Second volet de Nevernight, de Jay Kristoff, une trilogie de dark fantasy caustique et sanglante publiée chez De Saxus. Dans le premier tome, on découvrait Mia, une enténébrée – capable de dompter les ombres et de disparaître en elles – assoiffée de vengeance et prête à tout – y compris à se muer en une tueuse redoutable – pour faire payer les assassins de sa famille. Dans ce deuxième livre, elle va se transformer en Russell Crowe pour affronter les jeux du cirque et d’autres gladiateurs. Avec une scénographie digne du Puy-du-Fou, le côté tradi catho en moins, elle va fouler le sable des arènes toujours avec le même objectif en tête. Autant dire que ça mouche rouge tout le long de l’histoire.

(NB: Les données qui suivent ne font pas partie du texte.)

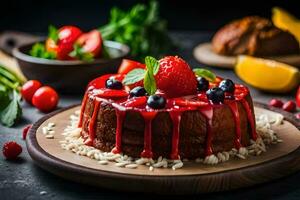 a cake with berries and strawberries on top. AI-Generated photo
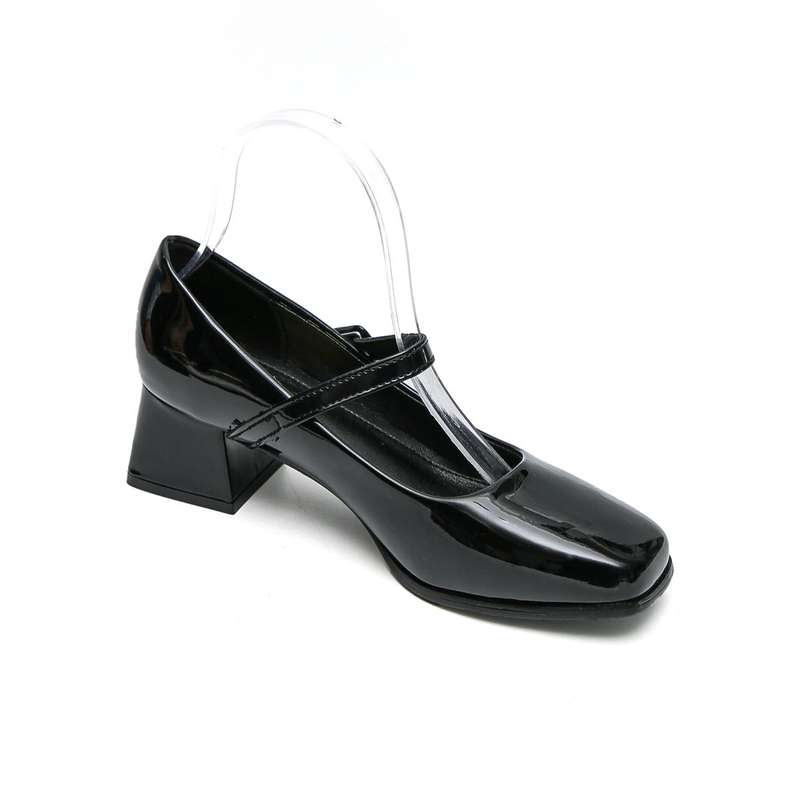 TTP Ladies Square Toe Patent PU Flare Heels with Ankle Strap JSF56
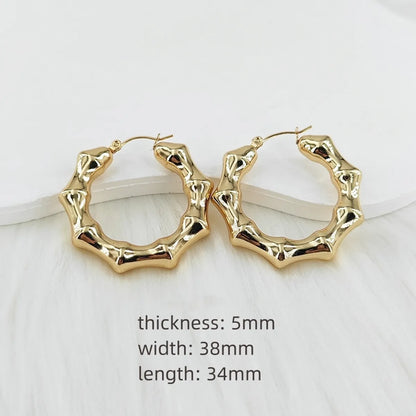 1 Pair Vintage Style Simple Style Classic Style U Shape Geometric Asymmetrical Irregular 304 Stainless Steel Gold Plated Earrings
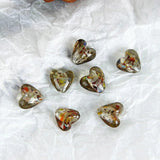 10PCS Heart Shape Glass Beads Pendant Charms for Jewelry Making DIY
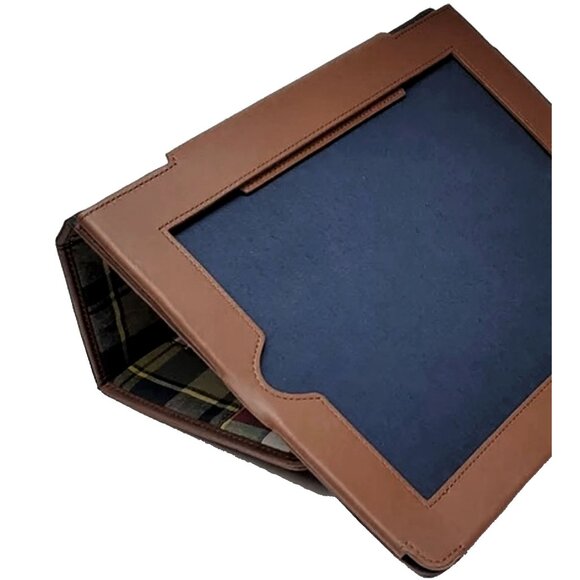 NEW POLO RALPH LAUREN Patchwork Madras Plaid & Leather Tablet Cover!  Navy Brown - Picture 5 of 6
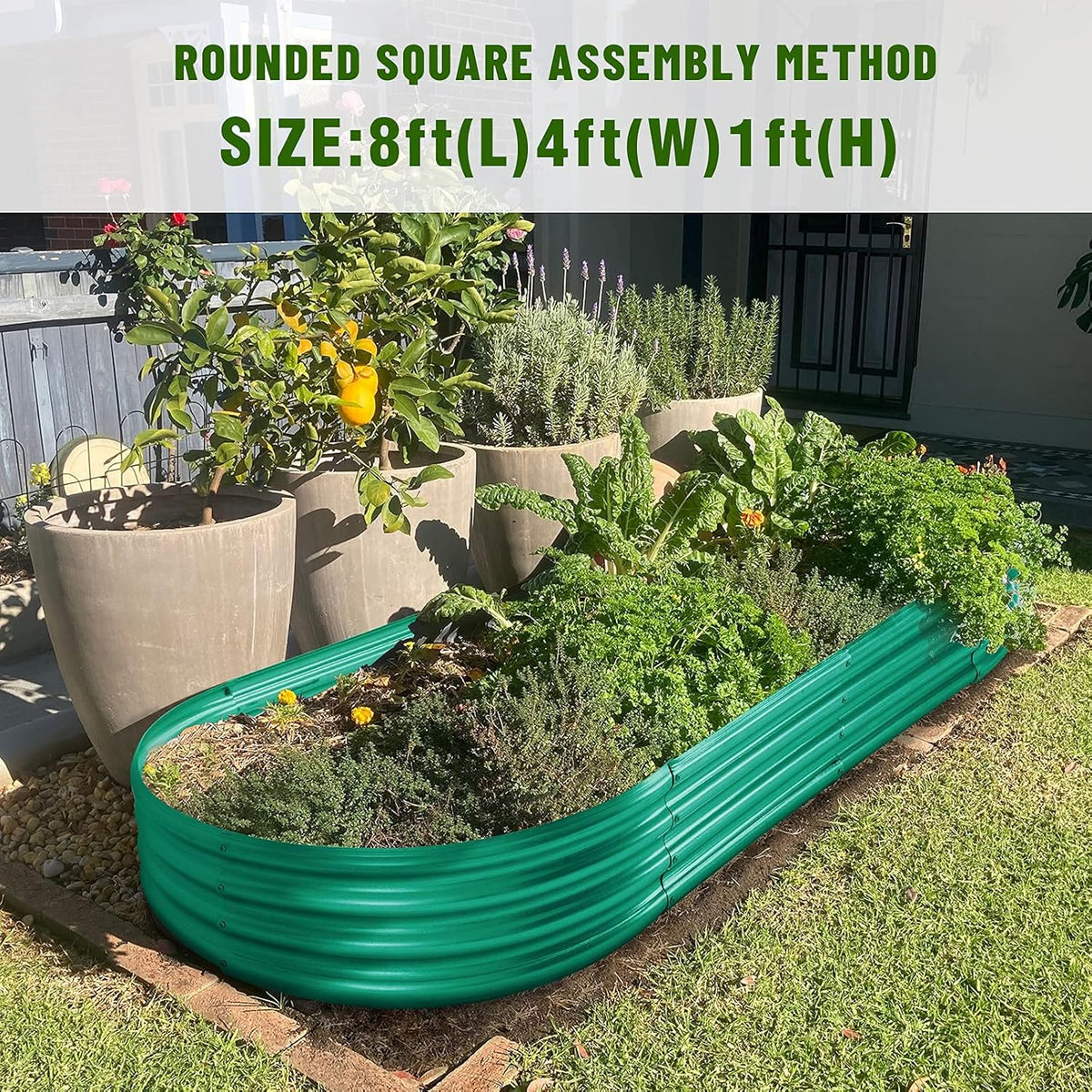Land Guard 8×4×1 ft Green Raised Garden Bed, Garden Raised Bed, Above Ground Flower Bed for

J’avoue ne pas être toujours client de l’humour de Jay Kristoff, que je trouve tour à tour savoureux ou graveleux. Idem pour les très nombreuses (moins que dans le premier tome, m’a-t-il semblé cependant) notes de bas de page qui viennent émailler le texte, que j’interprète tantôt comme du world-building maladroit et tantôt comme des clins d’œil pleins de connivence rappelant au lecteur qu’il n’est qu’un témoin de seconde main dans ce récit, comme si on le lui narrait dans une taverne autour d’une bonne chopine. À vrai dire, j’ai un peu la même impression aussi avec les scènes de combat (ou de sexe), qui me semblent parfois gratuites et redondantes, d’autres fois magistralement menées et palpitantes. Je ne pense pas que ce soit lié à une qualité ou un style inégaux au fil du roman, plutôt à une question d’état d’esprit au moment où j’ouvre le bouquin (ce qui explique les plages de lecture oscillant entre 10 pages terminées laborieusement et 150 avalées dans la soirée). Quoi qu’il en soit, l’impression est plus que positive, et je sais que je découvrirai le tome 3 avec grand plaisir, alors que c’est assez éloigné de ce que je lis habituellement (du moins ces temps-ci).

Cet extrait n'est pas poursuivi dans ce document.